Print the listing below word for word, but drop any pictures it contains.

● ● ●

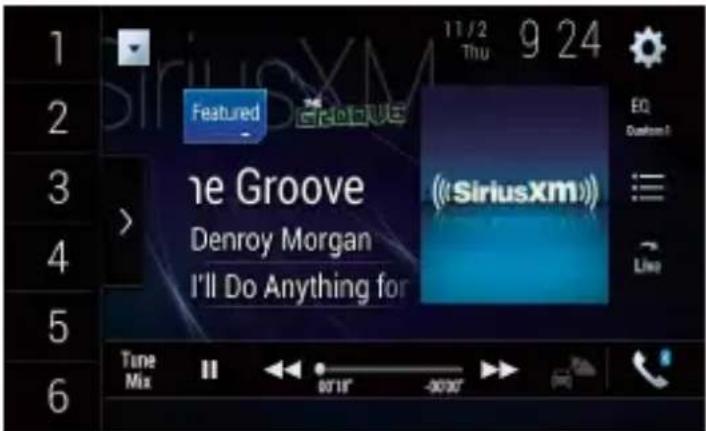 PIONEER AVICW6600NEX - Mode Replay (Affichage de barre temporelle) - 1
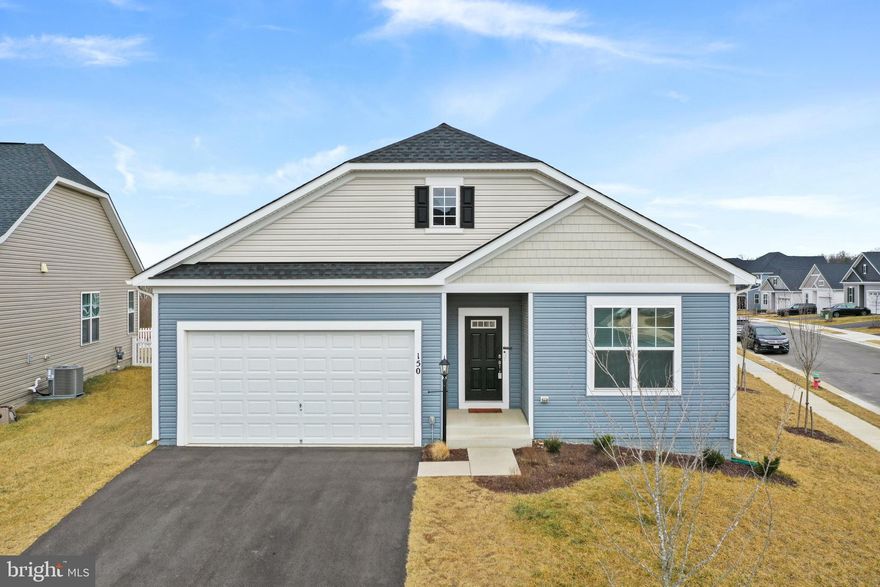 Why wait for new construction when you can enjoy this nearly new home without the wait. You'll love how open the main living area is. Gather with friends & relatives in the kitchen, dining & family room with cathedral ceilings. This home has amazing natural light. Spend your evenings relaxing in the home theatre. Unwind on the paver patio with a cup of coffee or a glass of wine and enjoy the beautiful Maple tree. The lower level recreation room is a fantastic space to work out or play games. There is also plenty of storage space downstairs for holiday decorations, etc. Recent updates include the small trex porch, paver patio, fenced backyard, window blinds & finished home theater room.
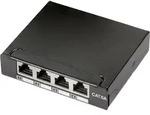 LogiLink Mini-Verteiler Kat.6A 4 Ports schwarz - Schwarz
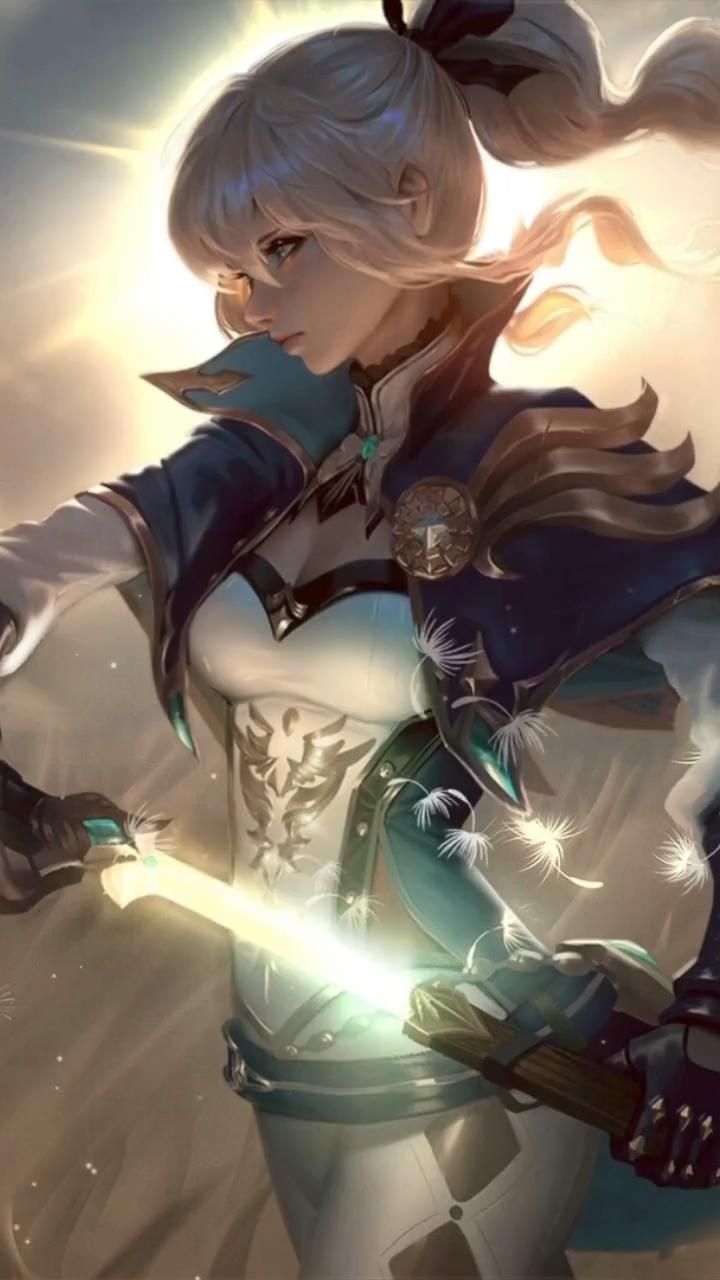 720x1280  jean (Genshin Empact) 1080p, 2K, 4K, 5K HD Обои бесплатно скачать | Обои Flare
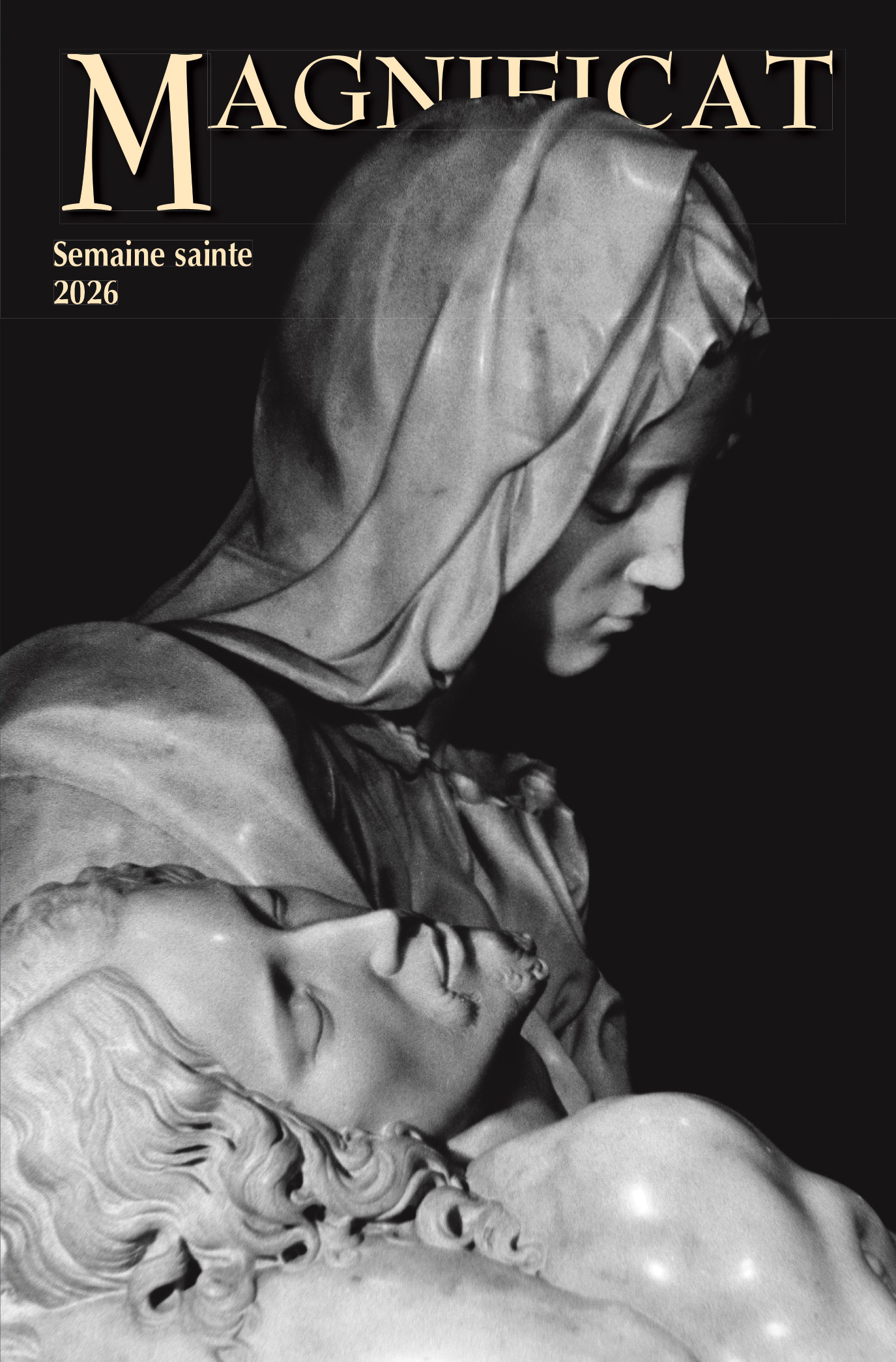 Magnificat semaine sainte 2026 grand format - HS 99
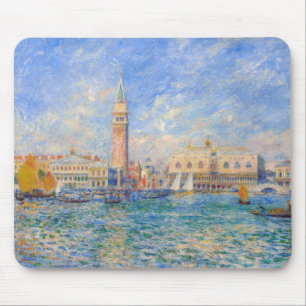 Mousepad Pierre-Auguste Renoir - Veneza, Palácio do Cachorr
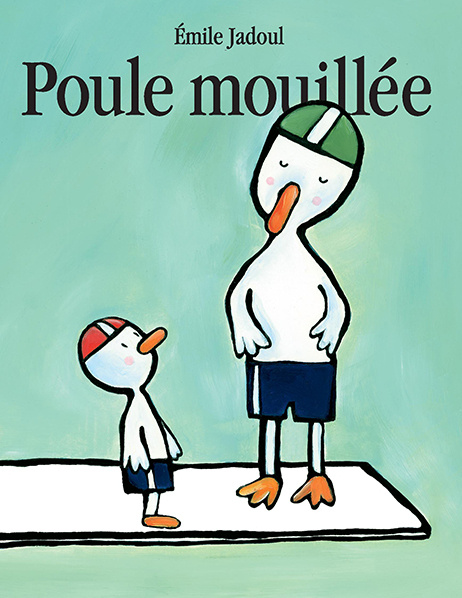Buch poule mouillee JADOUL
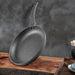 Frying Pan GREY STONE 20x4.0cm (Pressed Aluminum) with Induction Bottom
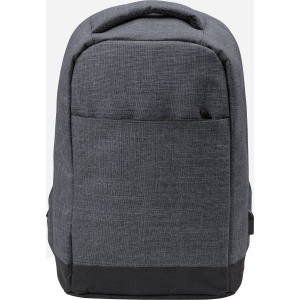 Sac à dos porte-ordinateur antivol en polyester Cruz 4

● ● ●

● Task response
 PIONEER AVICW6600NEX - Mode Replay (Affichage de barre temporelle) - 1
 Why wait for new construction when you can enjoy this nearly new home without the wait. You'll love how open the main living area is. Gather with friends & relatives in the kitchen, dining & family room with cathedral ceilings. This home has amazing natural light. Spend your evenings relaxing in the home theatre. Unwind on the paver patio with a cup of coffee or a glass of wine and enjoy the beautiful Maple tree. The lower level recreation room is a fantastic space to work out or play games. There is also plenty of storage space downstairs for holiday decorations, etc. Recent updates include the small trex porch, paver patio, fenced backyard, window blinds & finished home theater room.
 LogiLink Mini-Verteiler Kat.6A 4 Ports schwarz - Schwarz
 720x1280  jean (Genshin Empact) 1080p, 2K, 4K, 5K HD Обои бесплатно скачать | Обои Flare
 Magnificat semaine sainte 2026 grand format - HS 99
 Mousepad Pierre-Auguste Renoir - Veneza, Palácio do Cachorr
Buch poule mouillee JADOUL
 Frying Pan GREY STONE 20x4.0cm (Pressed Aluminum) with Induction Bottom
 Sac à dos porte-ordinateur antivol en polyester Cruz 4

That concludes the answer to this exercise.